I also think small models that are fine tuned with old memories (so no forgetting) can be useful. However titans etc. do have forgetting algorithms in them. So it’s a lot of work in that space, but this all leads to open ended AI which is where it’s exciting and dangerous too.
What is amazing is each move forward give us as people many more powers of collaboration and research to build on. So it’s kinda almost self perpetuating with human in the loop right now. It’s about to explode though
Seem very interesting, it will be exciting to follow the progress coming years. I have thoughts about getting a rtx 5090 when ANT becomes a success, it would be nice if you can get away with something cheaper and not throw away $2400 at Nvidia with their monopoly 60% margin.
Hopefully AMD Strix Halo’s top chip will give ok performance with larger models with up to 128gb RAM (96gb for GPU) for a lot less money than an RTX5090 or Mac with 96/128gb ram… but we’ll see.
Also, with Titans, I wonder whether there won’t be the same disadvantage if you have a limited memory compared to current models? Or would that be unaffected?
It depends.
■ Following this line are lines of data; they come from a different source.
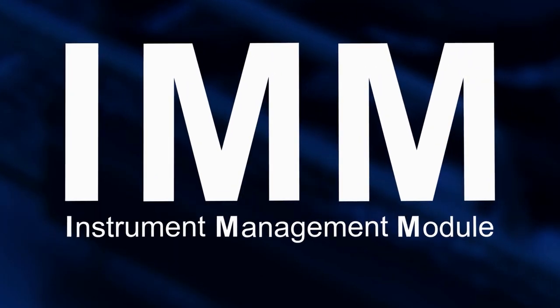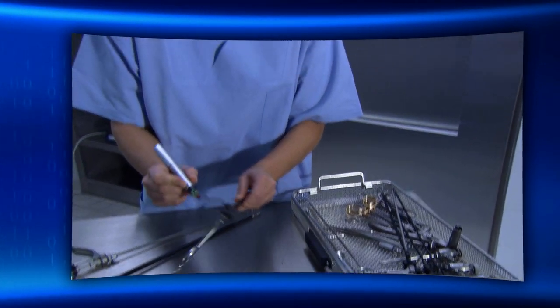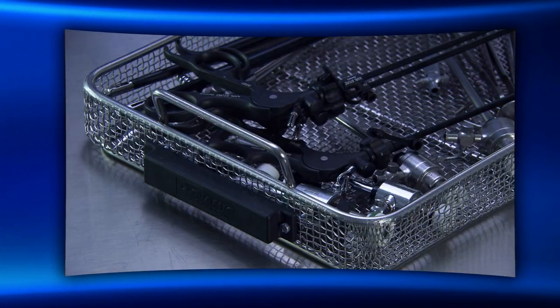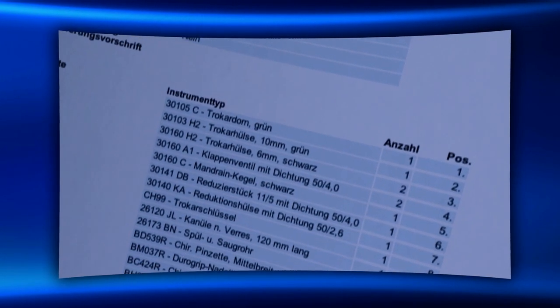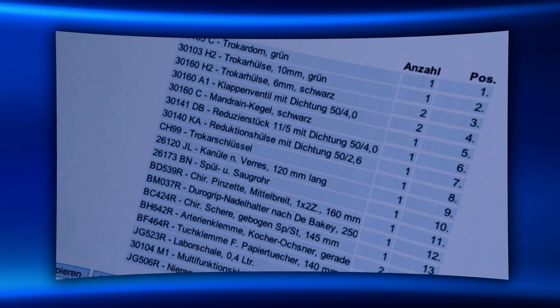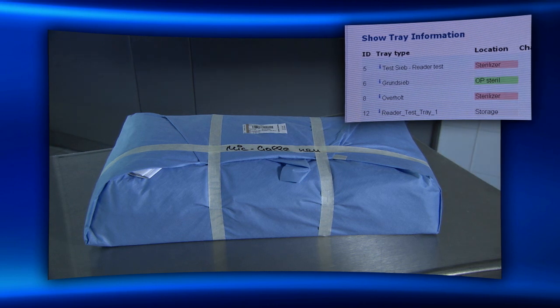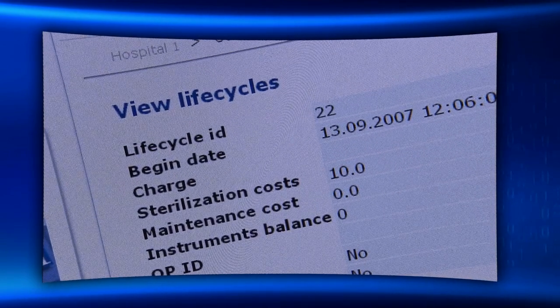Instrument Management Module. With the IMM and automatic tracing, complete life cycles of instruments, quantities in stock and storage are made transparent. Managing inventories such as delivery, usage and maintenance, allowing costs to be allocated specifically to individual cases.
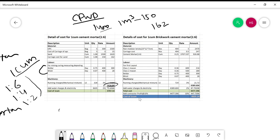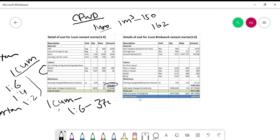Now talking about water charges: water charge is 2% of the motor cost. 2% of the mortar cost is approximately 72 rupees. So I can draw the conclusion that for 1 cubic meter of 1:6 mortar, the total amount is 3707 rupees.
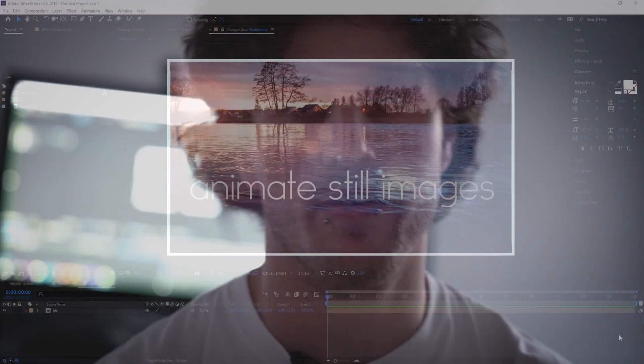Hello and welcome to this new After Effects tutorial by Flowmotion. Today I'm going to show you how you can animate your still images so that they look as if they were filmed. So let's follow me into After Effects.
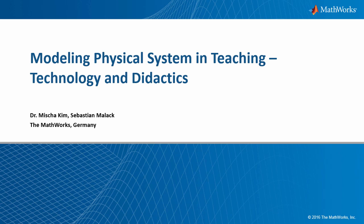Good morning, good afternoon, and good night. This is Misha Kim from MathWorks Germany. Welcome to this webinar on physical modeling in teaching. Before I introduce today's co-host, I would like to take a minute to motivate today's topic.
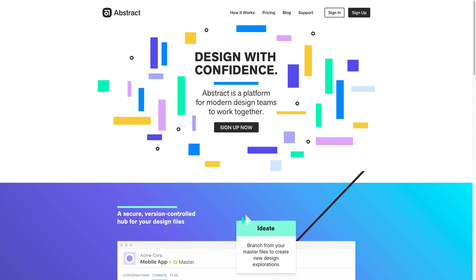Hello guys and welcome to another tutorial in which I'm going to show you this brand new Abstract app and technology which lets you as a designer manage all your design assets and files like GitHub for frontend developers. You have version control over your Sketch files and you can work with your team where many people can simultaneously edit one document and nothing gets messed up — it's like life-changing technology.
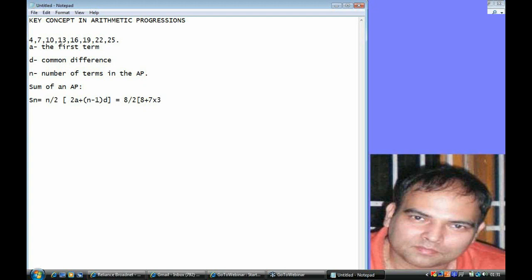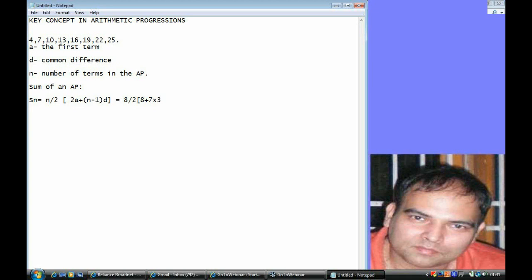So in this case, the sum can also be got by 8 into 14.5, which will also give us 116, where 14.5 is the average of 4 and 25. It's also the average of 7 and 22, 10 and 19, and 13 and 16. So the average of the AP is visible in any pair of corresponding terms. In an AP, if you can find two corresponding terms and you know the number of terms, the total becomes N into average.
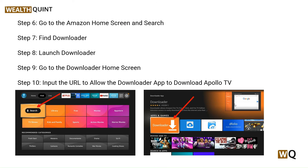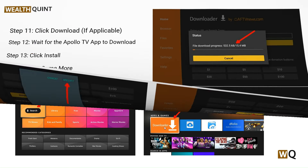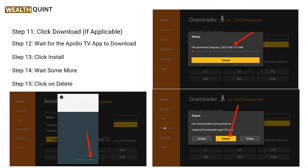After this, go to the Amazon home screen and search for Apollo Group TV. Find the Downloader app and launch it. Go to the Downloader home screen, input the URL, and allow the Downloader app to download Apollo Group TV. You can search Apollo Group TV and click the download option.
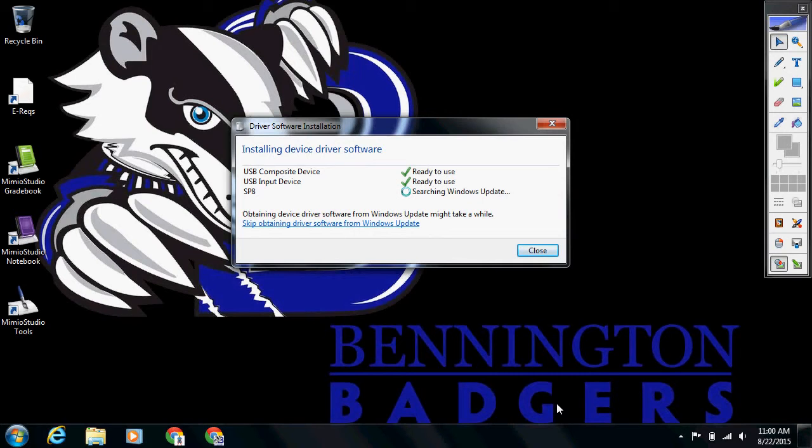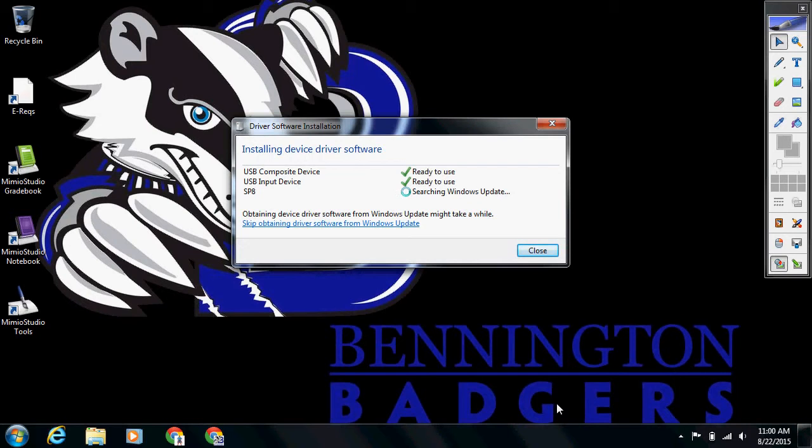It just makes the whole connection process a little bit quicker each time you do that. So once this process is done running, we will be able to start our calibration. So we'll give it just another minute here to finish up.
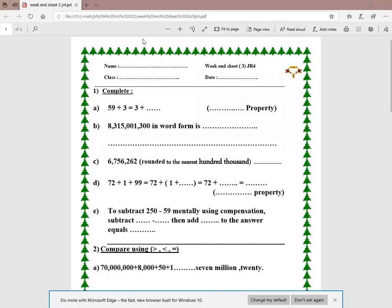Hello Junior 4, today we're going to start to solve the weekend sheet three. Let's solve the first question — it's about completing: 59 plus 3 equals 3 plus what. Here I switch the order between 59 and 3, so the missing number will be 59, and this property is called the commutative property.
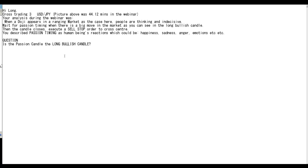Thank you for watching the candlestick trading video. The high-long cross trading example picture above was at 44.12 minutes in the webinar.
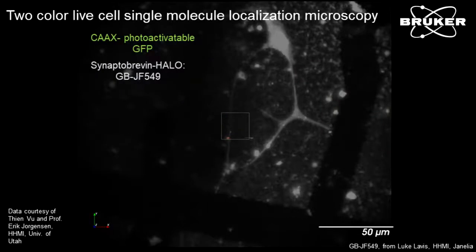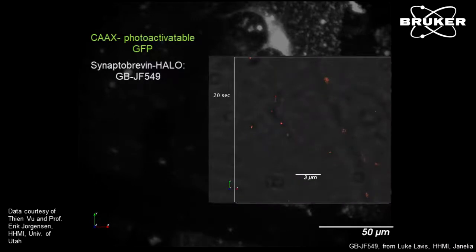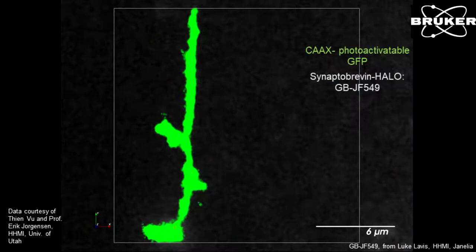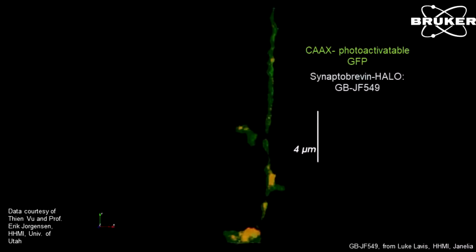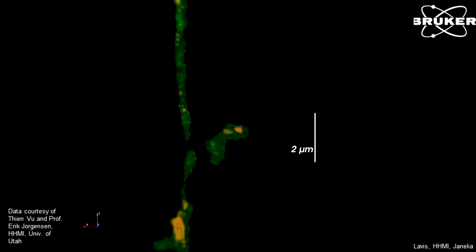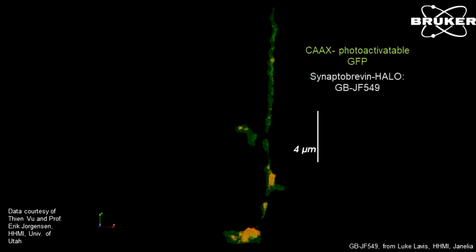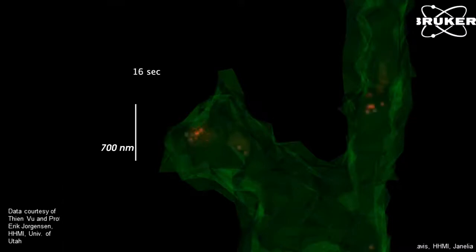Neurons are especially sensitive to photo damage with high laser power. Here we have an experiment using the Glitterbomb dyes and a photoactivatable GFP in live hippocampal neurons, done in Eric Jorgensen's lab at the University of Utah. The grad student Tian Vu expressed CaxBox photoactivatable GFP to paint the membrane and labeled SNAP-tagged Synaptobrevin HaloTag with the Glitterbomb dye. He was able to get this 3D image of live hippocampal neurons, showing individual molecules of synaptic Brevin moving within the neuron with very little photo damage — so we can image these for a long time. Tian's long-term goal is to actually monitor the synaptic vesicle cycle live in these neurons.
GPU memory (shared between CPU & GPU on Strix Halo and Apple M platforms) is a bottleneck if you want to run larger models, hence why AMD suggest Strix Halo will get more than 2x the performance of a 5090 on a 70b parameter model. (edit: actually, 4090 was the comparison AMD made, not 5090)
But, of course if a model fits in 32gb, the 5090 is a far more powerful GPU and would hugely outperform the APU.
I get the feeling that the Strix Halo is being compared to the laptop 4090, that one is not in the same league as a desktop 4090. A laptop 4090 is like a desktop 4080, but I hope the Strix Halo will be good and strong, I need to look into that.
Cooler than me, I only have a 3070 with 8GB Vram, which Nvidia claimed was enough, but it turned out not to be the case. At least I bought it for $550 on the first weeks after the release as I understood that the covid toilet paper zombies soon would buy them all and cause shortages.
It was the full-fat RTX 4090, but it’s a kind of unfair comparison because the model didn’t fit in the 4090’s VRAM.
Of course the GPU in RTX4090 is far more powerful, but when it has to fetch loads of data from system ram slowly, that memory bandwidth becomes a bottleneck that makes the GPU performance far less relevant… hence in this case a less powerful GPU with more fast memory available to it outperforms it.
Anyway, it’ll be good to have more choice, and hopefully the ability to run bigger models well for less money.
I hope at some point people will be able to contribute AI Compute / run LLM requests to Autonomi users anonymously on the network in exchange for ANT
For single user use, memory bandwidth is usually the bottleneck. To saturate the compute, you usually need batch inference, I.e. multiple users chatting at the same time or paralell processing of lots of documents. GPUs are much faster for this.
Memory bandwidth of 3090 is 936 GB/, 4090 about the same. Strix Halo should be around 256 GB/, a bit less than Macs with 128GB ram and about 1/4 of 3090/4090. Should be fast enough to be usable. 5090 has 1,792 GB/, so quite a bit faster.
Would it be possible to create some decentralized version of operating system? EG a version of linux married with nodes, with the whole filesystem hosted on Autonomi?
For AI you might want to wait for this : " NVIDIA Project DIGITS With New GB10 Superchip Debuts as World’s Smallest AI Supercomputer Capable of Running 200B-Parameter Models". Price ~3000$, should be available in May.